The point of departure is the posterior distribution, such that
\pi(\boldsymbol{\theta}, \boldsymbol{\beta}_0, \dots, \boldsymbol{\beta}_T \mid \mathbf{y}, \mathbf{X}, \mathbf{G}) \propto \pi(\boldsymbol{\beta}_0 \mid \boldsymbol{\theta}) \pi(\boldsymbol{\theta}) \prod_{t=1}^{T} \pi(\boldsymbol{\beta}_t \mid \boldsymbol{\beta}_{t-1}, \boldsymbol{\theta}) \pi(\mathbf{y}_t \mid \boldsymbol{\beta}_t, \boldsymbol{\theta}),
where \boldsymbol{\theta} is the vector of unknown parameters.
We can compute
\pi(\boldsymbol{\beta}_s, \boldsymbol{\theta} \mid \mathbf{y}_{1:t}) = \pi(\boldsymbol{\beta}_s \mid \mathbf{y}_{1:t}, \boldsymbol{\theta}) \pi(\boldsymbol{\theta} \mid \mathbf{y}_{1:t}),
for s=t (filtering), s<t (smoothing), and s>t (forecasting).
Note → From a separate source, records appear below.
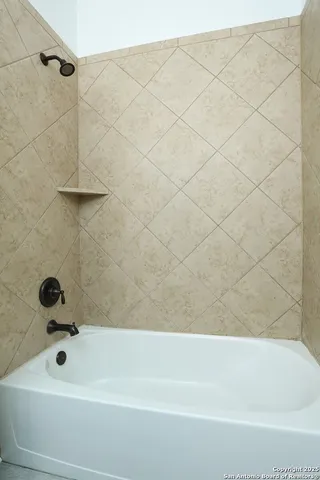 a bathroom with a shower and a bathtub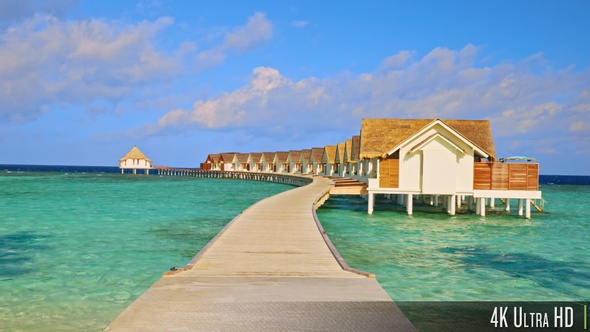 4K Walkway to luxury overwater bungalows or villas in the Maldives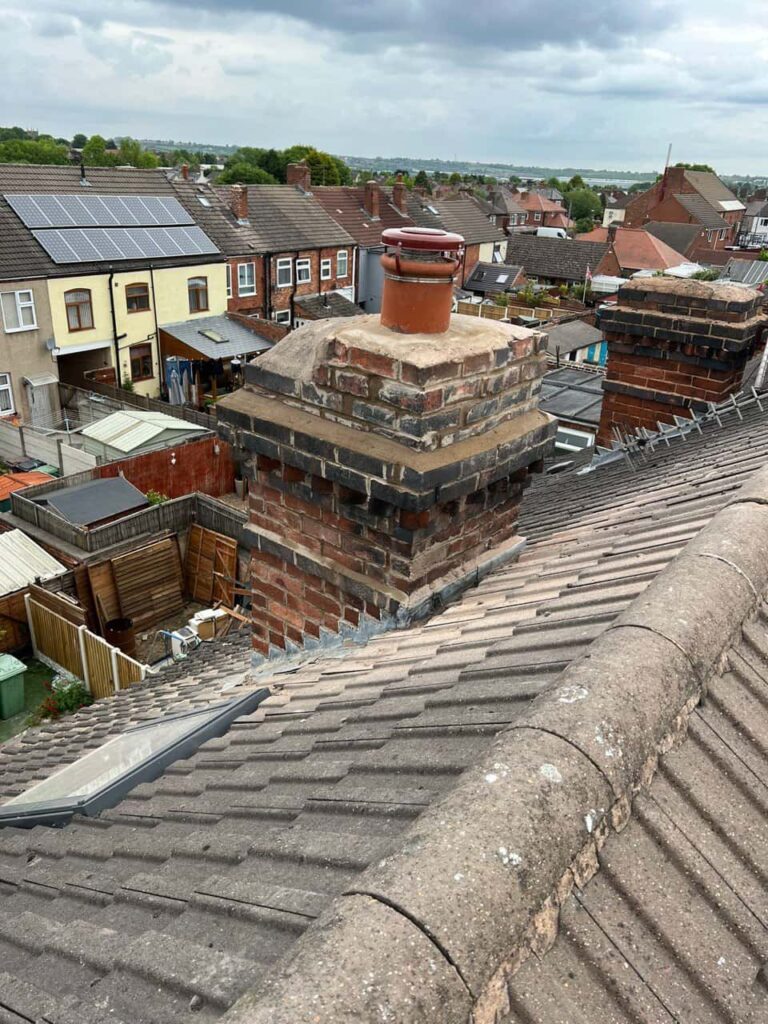 This is a photo taken from a roof which is being repaired by Haddenham Roofing Repairs, it shows a street of houses, and their roofs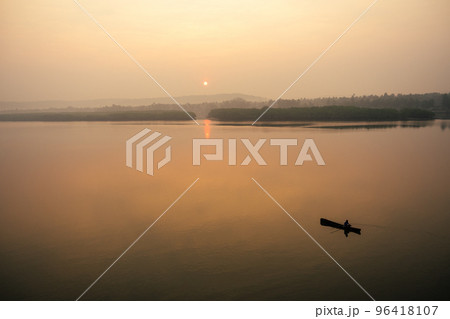 man in boat on the lake at sunset (dawn) man in boat on the lake at sunset (dawn) 96418107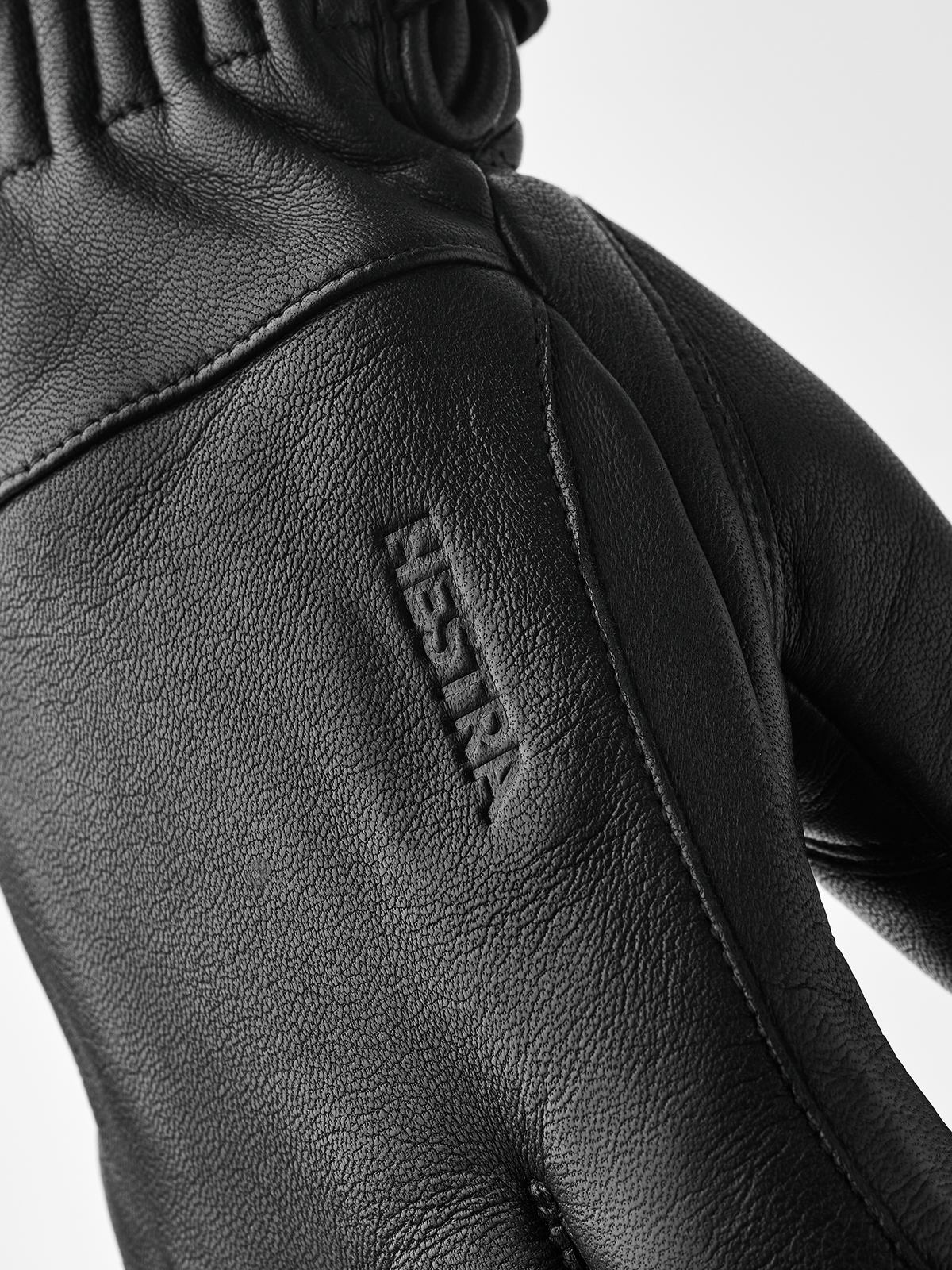 Black wool gloves with embroidered logo on back and diagonal seam detail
The marginal posterior distribution of the states is
\pi(\boldsymbol{\beta}_s \mid \mathbf{y}_{1:t}) = \int_{\boldsymbol{\Theta}} \pi(\boldsymbol{\beta}_s \mid \mathbf{y}_{1:t}, \boldsymbol{\theta}) \pi(\boldsymbol{\theta} \mid \mathbf{y}_{1:t}) d\boldsymbol{\theta}.
We can use the Gibbs sampling algorithm to get the posterior draws in the dynamic linear model assuming conjugate families. In particular, let’s see the univariate case with random walk states, \begin{align} y_t&=\boldsymbol{x}_t^{\top}\boldsymbol{\beta}_t+\mu_t \tag{8.1}\\ \boldsymbol{\beta}_t&=\boldsymbol{\beta}_{t-1}+\boldsymbol{w}_t, \tag{8.2} \end{align} where \mu_t\sim N(0,\sigma^2) and \boldsymbol{w}_t\sim N(\boldsymbol{0},\text{diag}\left\{\omega_1^2,\dots,\omega_K^2\right\}). We assume that \pi(\sigma^2,\omega_1^2,\dots,\omega_K^2,\boldsymbol{\beta}_0)=\pi(\sigma^2)\pi(\omega_1^2),\dots,\pi(\omega_K^2)\pi(\boldsymbol{\beta}_0) where \sigma^2\sim IG(\alpha_0/2,\delta_0/2), \omega_k^2\sim IG(\alpha_{k0}/2,\delta_{k0}/2), k=1,\dots,K, and \boldsymbol{\beta}_0\sim N(\boldsymbol{b}_0,\boldsymbol{B}_0). Thus, the conditional posterior distributions are \sigma^2\mid \boldsymbol{y},\boldsymbol{X},\boldsymbol{\beta}_{1:T}\sim IG(\alpha_{n}/2,\delta_n/2), where \alpha_{n}=T+\alpha_0 and \delta_n=\sum_{t=1}^T(y_t-\boldsymbol{x}_t^{\top}\boldsymbol{\beta}_t)^2+\delta_0, and \omega_k^2\mid \boldsymbol{y},\boldsymbol{X},\boldsymbol{\beta}_{0:T}\sim IG(\alpha_{kn}/2,\delta_{kn}/2), where \alpha_{kn}=T+\alpha_{k0} and \delta_{kn}=\sum_{t=1}^T(\boldsymbol{\beta}_{t,k}-\boldsymbol{\beta}_{t-1,k})^2+\delta_{k0}. The vector of the dependent variable is \boldsymbol{y}, and all regressors are in \boldsymbol{X}.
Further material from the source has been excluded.